# Brother GT381 "Halo" Problems



## Ayyitsamy (Jul 28, 2015)

Hi, I am a new brother gt381 owner and having quite a lot of issues with pretreatment, it discolors the shirt with a rectangle stain, specifically orange shirts. I know they say washing it will come off, but that is not an option as I am selling this to customers. I rather not have a tag on it saying for them to wash before selling. Anybody have luck with this or know a way to fix this? Thanks!


----------



## aamaintenance (Aug 3, 2015)

This will happen with all lighter colored shirts. We've tried many pre-treats and they all leave the garment discolored and weakened after printing and heat pressing. Just have to pick which one does it the least for you. We actually dilute our pre-treat 50/50 with distilled water if that helps you any.


----------



## CanarianDrifter (Sep 12, 2012)

I had to wash 25 shirts yesterday due to pretreatment issues. Bellas Peach shirts supplied by customers. After curing the pretreatment the area stayed a tad darker than the rest of the shirts. I was hopping that after cooling off it would go away but it didn't. I decreased the amount of pretreatment and it didn't help much. I took one and steemed the area around the edges and it didn't help either.
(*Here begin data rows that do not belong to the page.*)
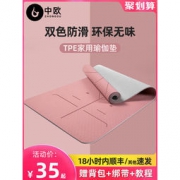 无毒无味环保瑜伽垫加厚加宽加长女生专用防滑舞蹈瑜珈地垫子家用
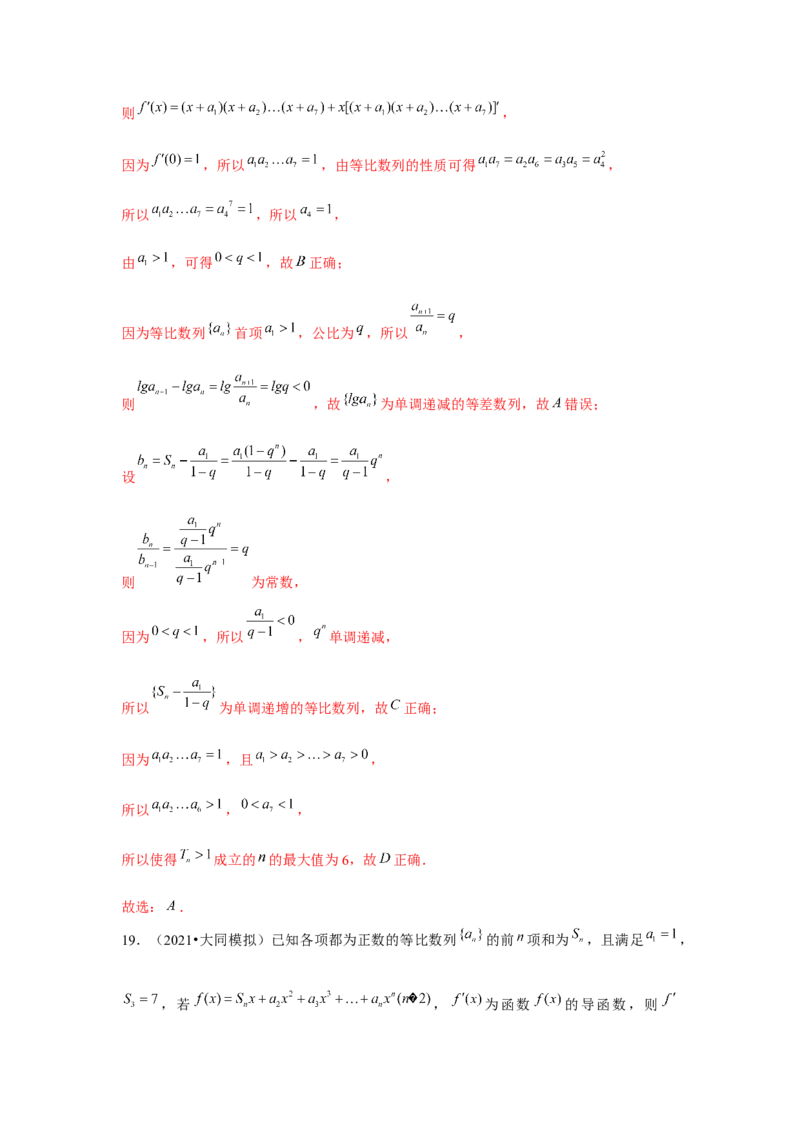 重难点突破03数列与函数综合（解析版）_2.2025数学总复习_2024年新高考资料_3.2024专项复习_更新中2024年新高考数学一轮复习之题型归纳与重难专题突破提升（新高考专用）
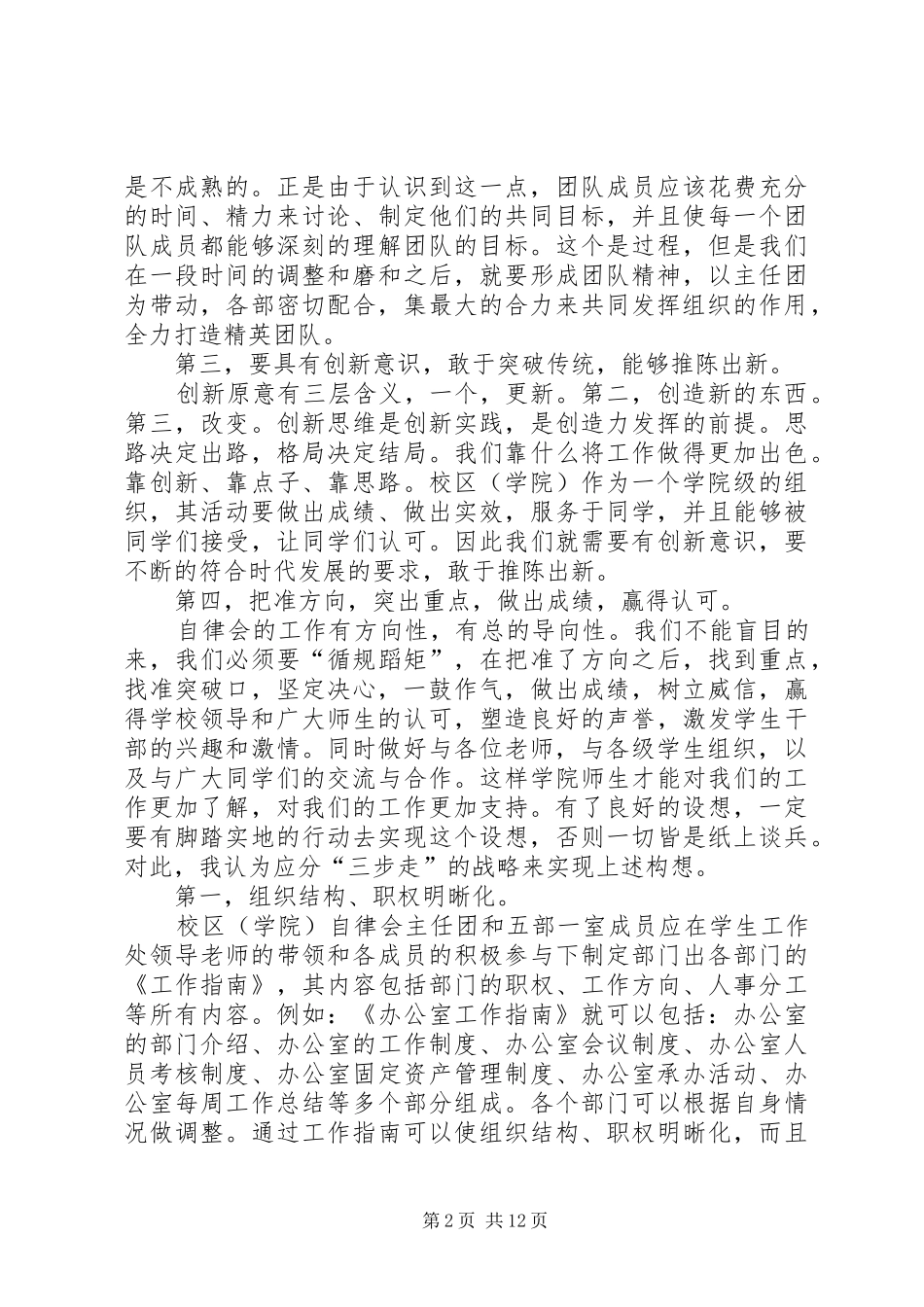 换届大会演讲稿3_第2页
I purchased Woolite detergent and fabric softener and washed them on a gentle cycle with cold water and dryer on low temp. It shrank a little but the fabric seems to be undisturbed. I will put them under the heat press for a few seconds to iron them out. Hopefully they will look as good as new.
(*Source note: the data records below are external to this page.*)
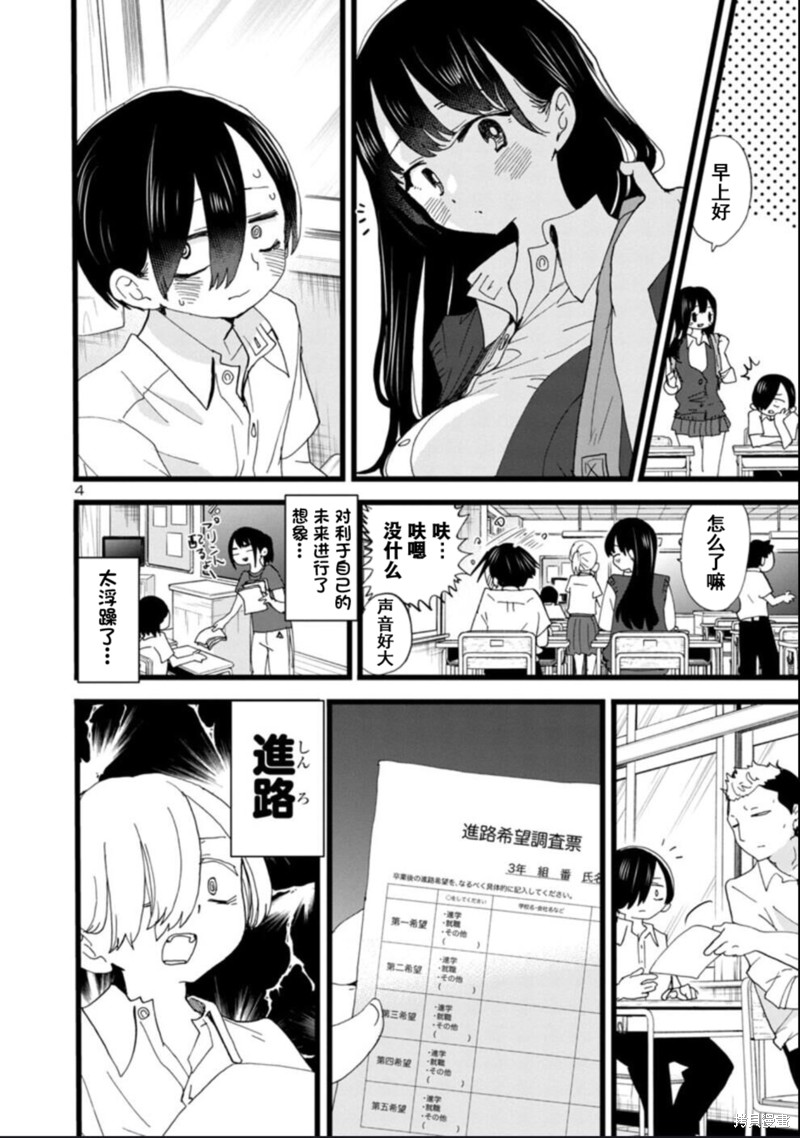 《我心里危险的东西》漫画最新章节第114话免费下拉式在线观看章节第【5】张图片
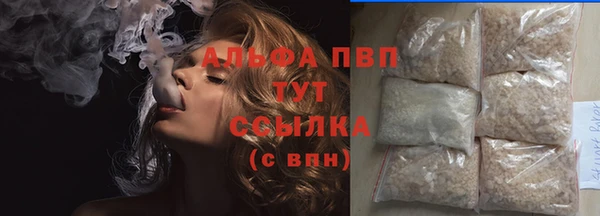 а пвп мука Богородск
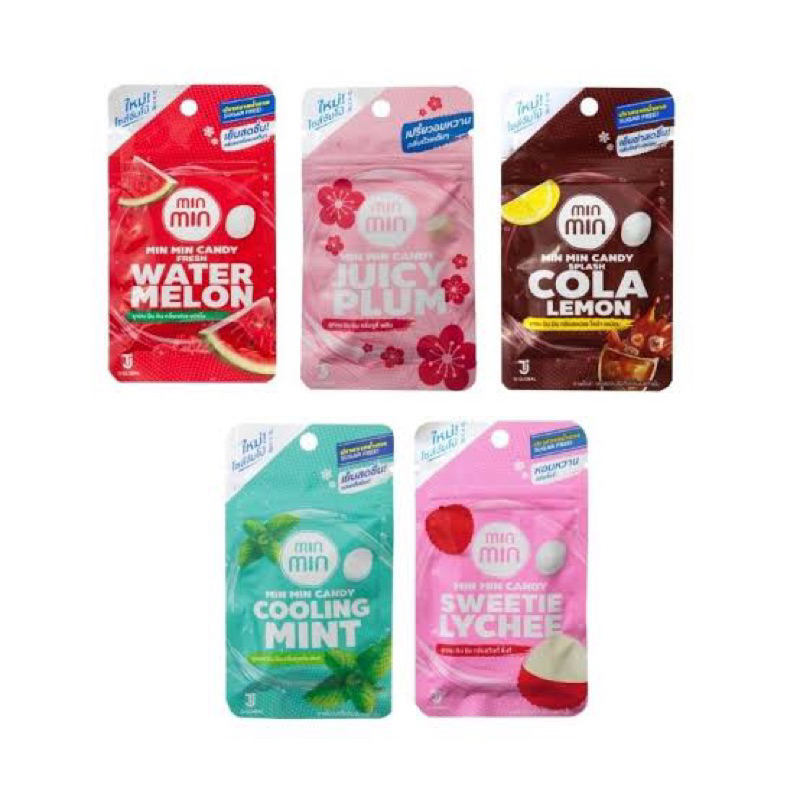 minmin ลูกอม มินมิน รสมิ้นคูล หิมาลายัน แตงโม องุ่น โคล่าเลมอน สตอเบอรี่ fl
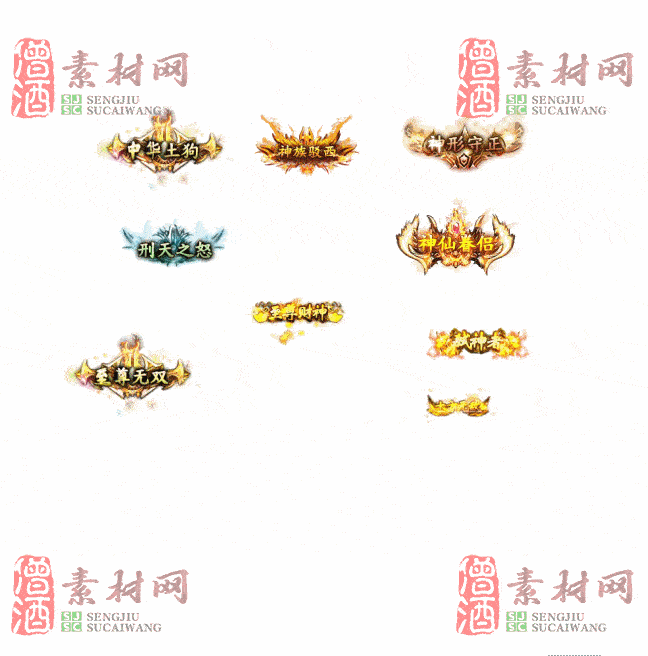 免费头顶称号素材20241101A：69-2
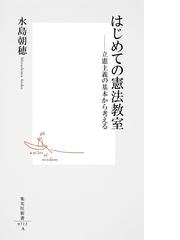 はじめての憲法教室 立憲主義の基本から考えるの通販 水島 朝穂 集英社新書 紙の本 Honto本の通販ストア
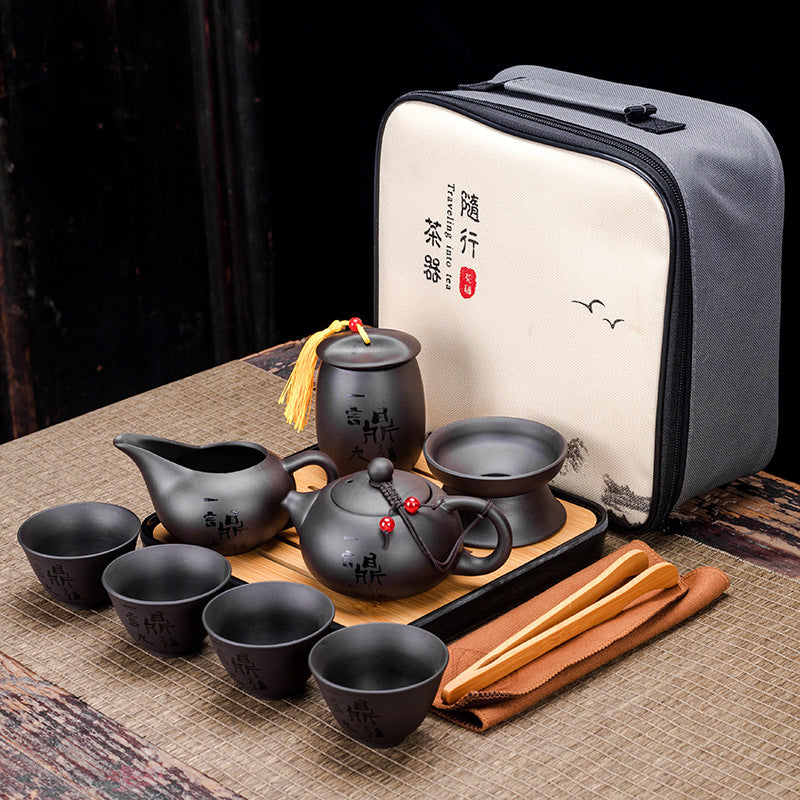 Zisha Portable Travel Tea Set with One Pot and Four Cups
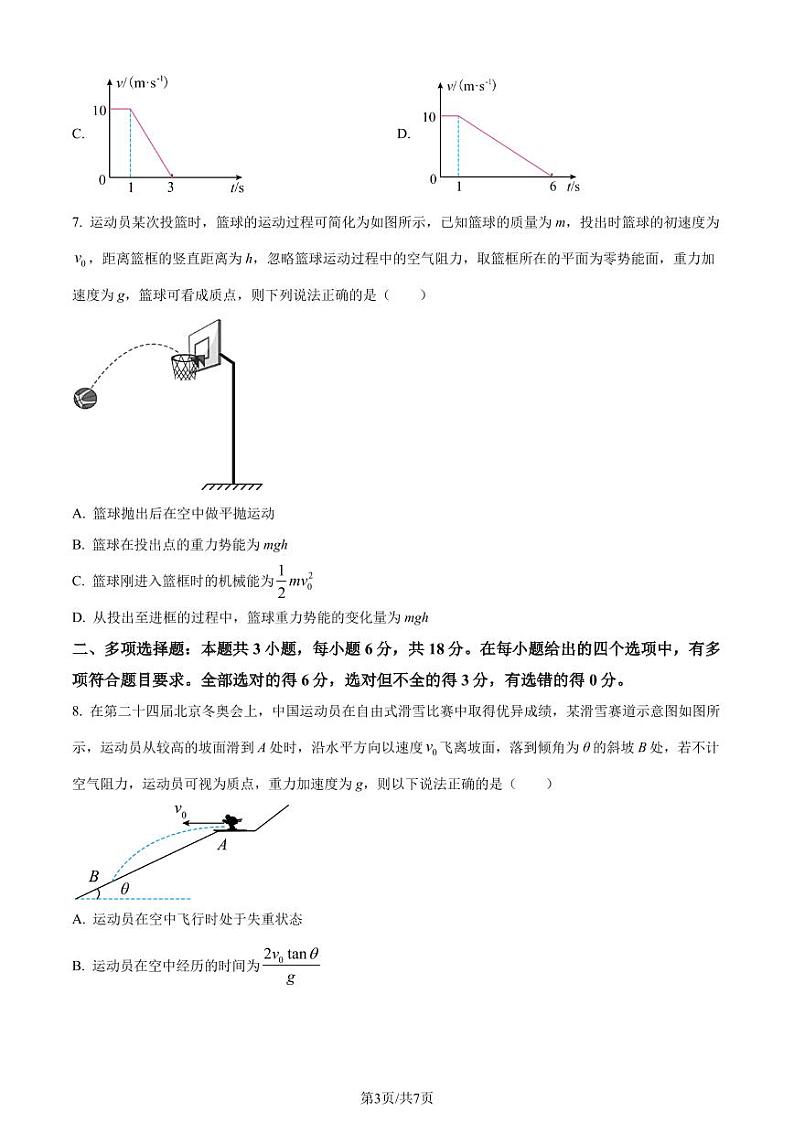 广东省揭阳市2023-2024学年高一下学期7月期末物理试题（含答案）03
Most of the customers whom purchase T-shirts for an event gives them right before the event and for each person washing them is out of the question. It would detrimental to your shop to give these t-shirts with these stains even if you put a tags asking the customer to wash before wearing them. you may also have the customer complaint forcing you to discount the garment.

It is a pain to wash the shirts but the alternative would be worse.

CD


----------